Division or multiplication

Overview

On many CPUs, floating-point division is much slower than multiplication, see discussion here. Thus, when dividing by the same denominator in a loop, one might consider replacing x / y with a x * z where z = 1 / y is computed outside of the loop. This sacrifices some accuracy (due to the round-off error from computing z) in order to replace the per-iteration divide with a multiply. The question is, does this actually have an impact?

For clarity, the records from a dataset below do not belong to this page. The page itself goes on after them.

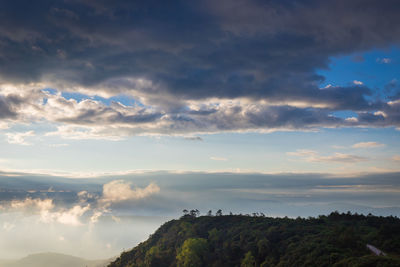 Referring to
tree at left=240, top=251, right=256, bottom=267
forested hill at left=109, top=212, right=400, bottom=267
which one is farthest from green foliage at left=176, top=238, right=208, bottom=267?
tree at left=240, top=251, right=256, bottom=267

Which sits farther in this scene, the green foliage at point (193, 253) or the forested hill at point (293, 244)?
the green foliage at point (193, 253)

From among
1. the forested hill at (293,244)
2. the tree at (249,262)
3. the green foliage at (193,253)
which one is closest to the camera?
the forested hill at (293,244)

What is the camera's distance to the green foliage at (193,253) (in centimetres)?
13975

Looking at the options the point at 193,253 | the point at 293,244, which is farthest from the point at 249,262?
the point at 193,253

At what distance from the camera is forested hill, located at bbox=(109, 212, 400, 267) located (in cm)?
8200

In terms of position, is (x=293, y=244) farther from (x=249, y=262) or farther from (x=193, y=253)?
(x=193, y=253)

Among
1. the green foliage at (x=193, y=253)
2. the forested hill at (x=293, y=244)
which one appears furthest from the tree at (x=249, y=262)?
the green foliage at (x=193, y=253)

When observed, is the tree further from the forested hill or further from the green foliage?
the green foliage

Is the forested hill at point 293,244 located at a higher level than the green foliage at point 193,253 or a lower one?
higher

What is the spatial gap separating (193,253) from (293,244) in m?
52.7

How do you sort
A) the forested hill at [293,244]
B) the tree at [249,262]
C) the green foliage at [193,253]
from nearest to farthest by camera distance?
the forested hill at [293,244], the tree at [249,262], the green foliage at [193,253]

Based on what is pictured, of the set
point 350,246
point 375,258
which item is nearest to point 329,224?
point 350,246

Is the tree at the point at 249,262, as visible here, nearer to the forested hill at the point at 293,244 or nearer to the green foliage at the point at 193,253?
the forested hill at the point at 293,244

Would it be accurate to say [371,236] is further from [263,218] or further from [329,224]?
[263,218]
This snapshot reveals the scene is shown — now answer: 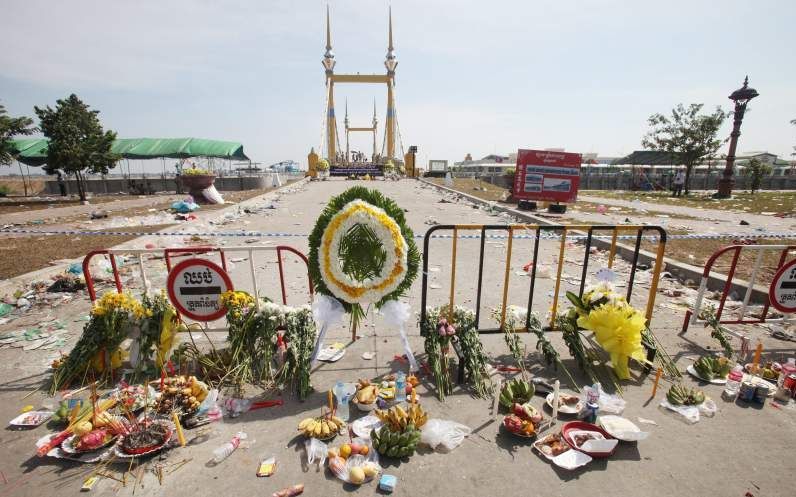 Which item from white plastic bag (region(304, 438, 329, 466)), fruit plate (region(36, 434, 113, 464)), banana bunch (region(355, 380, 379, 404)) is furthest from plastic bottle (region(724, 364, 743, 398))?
fruit plate (region(36, 434, 113, 464))

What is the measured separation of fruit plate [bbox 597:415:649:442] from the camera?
2221 mm

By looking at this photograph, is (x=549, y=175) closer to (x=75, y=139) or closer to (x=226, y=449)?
(x=226, y=449)

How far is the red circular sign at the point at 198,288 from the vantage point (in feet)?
9.86

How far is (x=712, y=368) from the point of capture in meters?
2.96

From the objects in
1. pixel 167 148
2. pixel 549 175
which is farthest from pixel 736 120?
pixel 167 148

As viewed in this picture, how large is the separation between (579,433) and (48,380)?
13.3 feet

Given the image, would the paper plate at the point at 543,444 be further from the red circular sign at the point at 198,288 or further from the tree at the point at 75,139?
the tree at the point at 75,139

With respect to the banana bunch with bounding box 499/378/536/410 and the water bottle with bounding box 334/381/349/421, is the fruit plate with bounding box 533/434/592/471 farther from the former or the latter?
the water bottle with bounding box 334/381/349/421

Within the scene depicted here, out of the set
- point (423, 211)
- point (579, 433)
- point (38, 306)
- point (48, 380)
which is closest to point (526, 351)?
point (579, 433)

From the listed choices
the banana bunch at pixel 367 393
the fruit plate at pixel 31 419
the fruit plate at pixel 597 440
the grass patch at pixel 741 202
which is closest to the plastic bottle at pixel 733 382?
the fruit plate at pixel 597 440

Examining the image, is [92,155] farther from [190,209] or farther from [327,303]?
[327,303]

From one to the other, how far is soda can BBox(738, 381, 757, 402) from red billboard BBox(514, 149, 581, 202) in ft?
32.8

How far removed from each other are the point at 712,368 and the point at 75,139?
2177cm

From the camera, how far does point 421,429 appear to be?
7.57ft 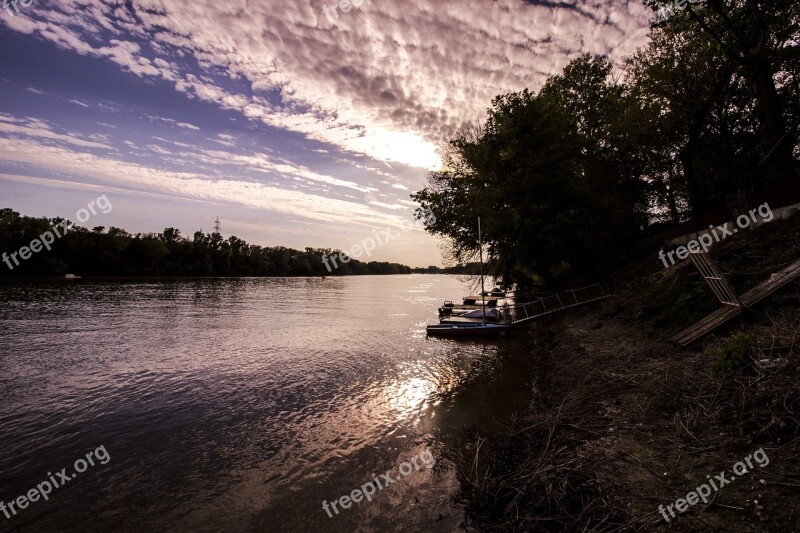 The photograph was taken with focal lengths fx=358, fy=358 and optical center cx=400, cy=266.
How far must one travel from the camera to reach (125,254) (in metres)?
108

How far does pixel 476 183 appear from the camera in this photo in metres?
31.7

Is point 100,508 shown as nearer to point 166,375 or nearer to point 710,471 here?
point 166,375

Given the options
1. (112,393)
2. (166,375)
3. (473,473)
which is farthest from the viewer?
(166,375)

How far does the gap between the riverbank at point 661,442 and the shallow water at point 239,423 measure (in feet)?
4.75

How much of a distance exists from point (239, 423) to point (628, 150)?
39173 millimetres

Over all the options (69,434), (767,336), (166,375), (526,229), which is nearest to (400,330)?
(526,229)

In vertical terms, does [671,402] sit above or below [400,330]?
above

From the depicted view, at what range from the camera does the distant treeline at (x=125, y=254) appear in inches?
3383

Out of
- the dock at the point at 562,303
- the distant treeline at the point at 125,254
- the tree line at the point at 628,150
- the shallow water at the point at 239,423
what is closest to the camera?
the shallow water at the point at 239,423

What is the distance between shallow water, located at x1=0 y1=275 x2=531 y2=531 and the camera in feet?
23.9

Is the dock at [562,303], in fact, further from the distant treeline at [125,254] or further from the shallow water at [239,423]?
the distant treeline at [125,254]

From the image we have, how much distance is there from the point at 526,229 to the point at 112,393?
2456cm

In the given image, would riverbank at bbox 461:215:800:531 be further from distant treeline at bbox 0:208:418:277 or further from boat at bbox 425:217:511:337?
distant treeline at bbox 0:208:418:277

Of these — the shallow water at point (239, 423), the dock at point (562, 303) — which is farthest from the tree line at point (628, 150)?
the shallow water at point (239, 423) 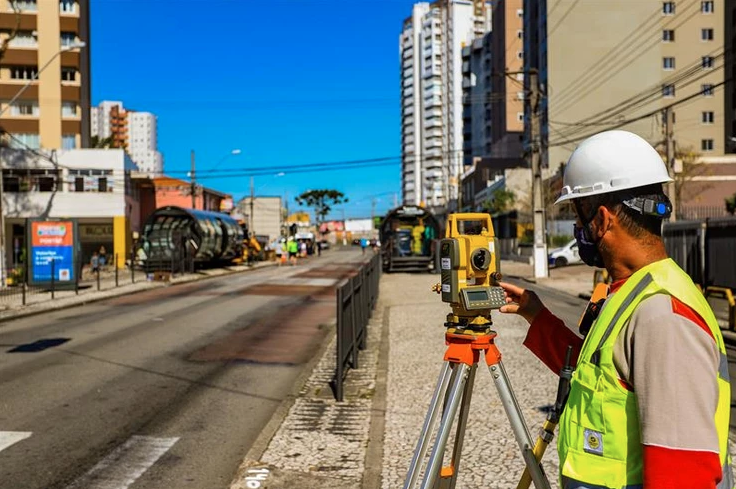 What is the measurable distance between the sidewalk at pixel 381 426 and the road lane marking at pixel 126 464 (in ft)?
2.65

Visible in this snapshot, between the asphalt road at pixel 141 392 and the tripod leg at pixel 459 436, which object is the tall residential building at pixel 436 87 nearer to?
the asphalt road at pixel 141 392

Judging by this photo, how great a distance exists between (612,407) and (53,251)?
24956 mm

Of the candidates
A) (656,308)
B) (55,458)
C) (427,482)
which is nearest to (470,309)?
(427,482)

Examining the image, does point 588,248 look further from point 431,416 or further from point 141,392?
point 141,392

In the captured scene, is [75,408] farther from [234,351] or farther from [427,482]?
[427,482]

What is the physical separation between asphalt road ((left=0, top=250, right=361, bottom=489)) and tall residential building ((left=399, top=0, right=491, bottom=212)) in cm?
12798

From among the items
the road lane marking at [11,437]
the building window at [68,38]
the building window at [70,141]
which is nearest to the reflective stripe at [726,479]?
the road lane marking at [11,437]

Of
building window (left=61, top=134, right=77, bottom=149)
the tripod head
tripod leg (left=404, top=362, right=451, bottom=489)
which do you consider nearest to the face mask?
the tripod head

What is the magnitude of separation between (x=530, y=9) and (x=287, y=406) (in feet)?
240

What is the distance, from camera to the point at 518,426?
287 centimetres

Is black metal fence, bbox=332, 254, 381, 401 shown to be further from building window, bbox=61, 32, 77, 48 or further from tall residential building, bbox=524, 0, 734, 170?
tall residential building, bbox=524, 0, 734, 170

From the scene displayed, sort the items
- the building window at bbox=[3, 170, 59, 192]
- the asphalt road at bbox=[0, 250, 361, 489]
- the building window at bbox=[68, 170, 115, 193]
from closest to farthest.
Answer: the asphalt road at bbox=[0, 250, 361, 489] < the building window at bbox=[3, 170, 59, 192] < the building window at bbox=[68, 170, 115, 193]

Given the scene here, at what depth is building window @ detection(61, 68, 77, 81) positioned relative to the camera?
57.1 metres

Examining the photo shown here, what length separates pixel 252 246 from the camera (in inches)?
2184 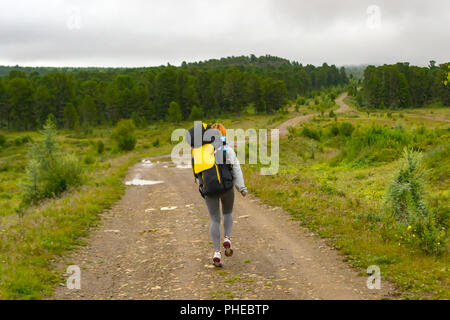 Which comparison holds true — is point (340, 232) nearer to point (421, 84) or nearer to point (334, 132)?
point (334, 132)

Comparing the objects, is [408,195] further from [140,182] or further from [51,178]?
[140,182]

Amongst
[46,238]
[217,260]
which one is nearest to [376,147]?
[217,260]

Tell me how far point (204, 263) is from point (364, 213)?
4.89 m

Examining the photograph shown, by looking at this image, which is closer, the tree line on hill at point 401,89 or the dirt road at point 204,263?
the dirt road at point 204,263

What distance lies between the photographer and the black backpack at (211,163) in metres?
6.76

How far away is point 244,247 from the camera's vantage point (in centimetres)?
852

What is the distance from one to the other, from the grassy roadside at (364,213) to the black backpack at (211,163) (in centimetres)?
281

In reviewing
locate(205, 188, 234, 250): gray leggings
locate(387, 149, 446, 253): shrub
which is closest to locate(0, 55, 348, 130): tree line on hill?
locate(387, 149, 446, 253): shrub

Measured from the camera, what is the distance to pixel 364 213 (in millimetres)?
10273

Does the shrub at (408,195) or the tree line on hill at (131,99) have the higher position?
the tree line on hill at (131,99)

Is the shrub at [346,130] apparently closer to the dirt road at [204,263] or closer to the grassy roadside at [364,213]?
the grassy roadside at [364,213]

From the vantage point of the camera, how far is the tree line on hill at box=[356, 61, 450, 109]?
10662 centimetres

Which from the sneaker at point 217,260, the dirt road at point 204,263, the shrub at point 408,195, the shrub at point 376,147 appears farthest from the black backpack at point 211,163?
the shrub at point 376,147

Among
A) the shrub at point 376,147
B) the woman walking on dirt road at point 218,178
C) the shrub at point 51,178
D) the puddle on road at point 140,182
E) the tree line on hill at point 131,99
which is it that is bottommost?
the puddle on road at point 140,182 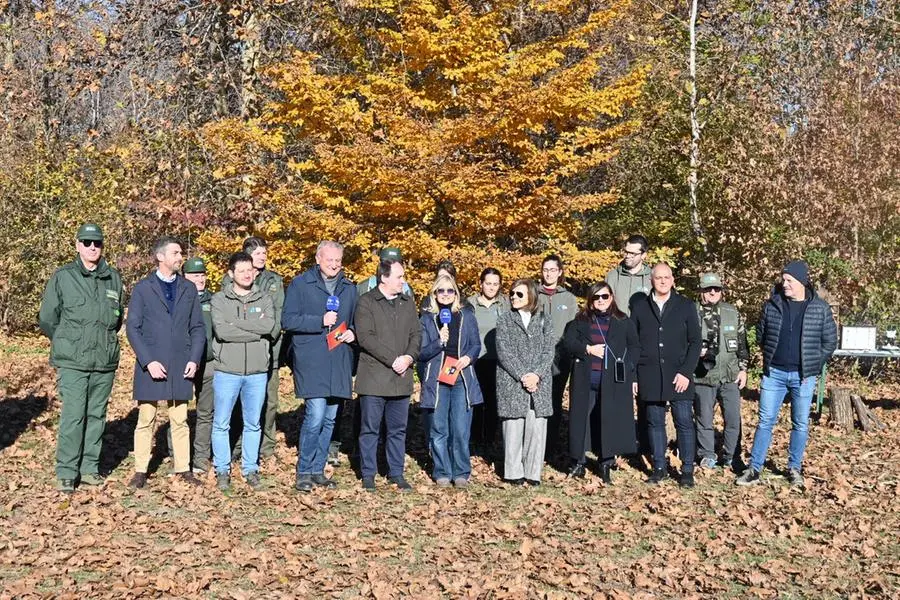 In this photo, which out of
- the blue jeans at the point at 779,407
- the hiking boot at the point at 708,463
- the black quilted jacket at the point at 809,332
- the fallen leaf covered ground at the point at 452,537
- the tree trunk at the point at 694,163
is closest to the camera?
the fallen leaf covered ground at the point at 452,537

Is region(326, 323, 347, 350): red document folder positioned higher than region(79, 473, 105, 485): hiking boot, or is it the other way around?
region(326, 323, 347, 350): red document folder

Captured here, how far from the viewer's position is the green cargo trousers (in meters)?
7.84

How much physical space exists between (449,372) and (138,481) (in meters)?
2.87

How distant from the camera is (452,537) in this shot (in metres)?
6.98

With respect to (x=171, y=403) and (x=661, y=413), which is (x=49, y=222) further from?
(x=661, y=413)

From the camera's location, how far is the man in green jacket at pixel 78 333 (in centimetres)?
780

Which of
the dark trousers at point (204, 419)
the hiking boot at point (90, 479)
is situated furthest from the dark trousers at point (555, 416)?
the hiking boot at point (90, 479)

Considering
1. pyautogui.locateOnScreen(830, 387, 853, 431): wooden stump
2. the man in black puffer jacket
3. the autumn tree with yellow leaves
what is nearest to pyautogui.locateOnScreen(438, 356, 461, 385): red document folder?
the man in black puffer jacket

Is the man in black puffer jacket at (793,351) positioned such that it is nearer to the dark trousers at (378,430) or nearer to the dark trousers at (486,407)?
the dark trousers at (486,407)

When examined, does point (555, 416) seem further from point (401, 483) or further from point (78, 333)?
point (78, 333)

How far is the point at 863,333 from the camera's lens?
12109 millimetres

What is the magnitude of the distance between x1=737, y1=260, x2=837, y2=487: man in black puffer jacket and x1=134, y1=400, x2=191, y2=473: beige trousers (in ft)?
16.6

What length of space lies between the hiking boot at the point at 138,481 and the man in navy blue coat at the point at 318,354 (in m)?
1.32

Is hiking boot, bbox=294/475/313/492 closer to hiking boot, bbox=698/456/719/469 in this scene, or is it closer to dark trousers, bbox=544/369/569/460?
dark trousers, bbox=544/369/569/460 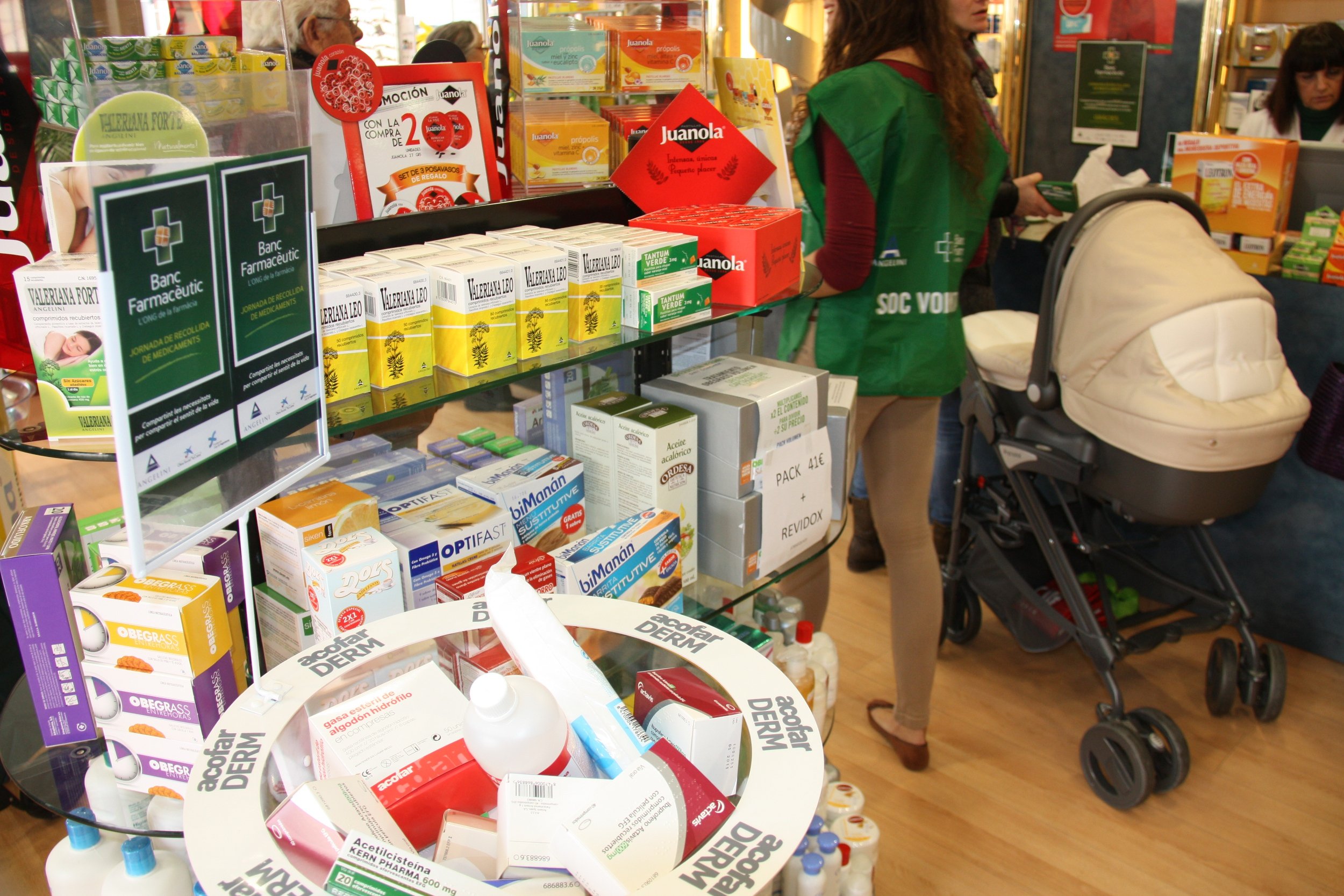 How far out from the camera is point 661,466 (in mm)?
1552

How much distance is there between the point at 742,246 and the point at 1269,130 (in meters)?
3.74

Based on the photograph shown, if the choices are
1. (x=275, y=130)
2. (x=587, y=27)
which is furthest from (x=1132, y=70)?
(x=275, y=130)

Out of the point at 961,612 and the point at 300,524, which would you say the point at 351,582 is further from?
the point at 961,612

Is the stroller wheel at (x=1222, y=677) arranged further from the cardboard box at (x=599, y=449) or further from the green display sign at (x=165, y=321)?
the green display sign at (x=165, y=321)

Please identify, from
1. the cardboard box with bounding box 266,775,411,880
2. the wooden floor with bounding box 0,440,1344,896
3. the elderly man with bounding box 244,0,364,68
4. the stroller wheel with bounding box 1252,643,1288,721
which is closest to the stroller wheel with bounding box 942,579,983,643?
the wooden floor with bounding box 0,440,1344,896

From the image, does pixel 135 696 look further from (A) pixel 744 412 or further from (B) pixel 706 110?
(B) pixel 706 110

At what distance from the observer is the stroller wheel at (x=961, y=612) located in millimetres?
3283

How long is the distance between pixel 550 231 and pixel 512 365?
0.32m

To build, use the usual CMake process:

cmake -S . -B build -DCMAKE_BUILD_TYPE=Release
cmake --build build

Basic test

We test the speed of iterating over an array and dividing its contents by a constant. This is a pretty common pattern in tatami, and while usually more operations are involved, we'll keep things simple here. We compare to the alternative, i.e., compute the reciprocal and use it to multiply each array element within the loop.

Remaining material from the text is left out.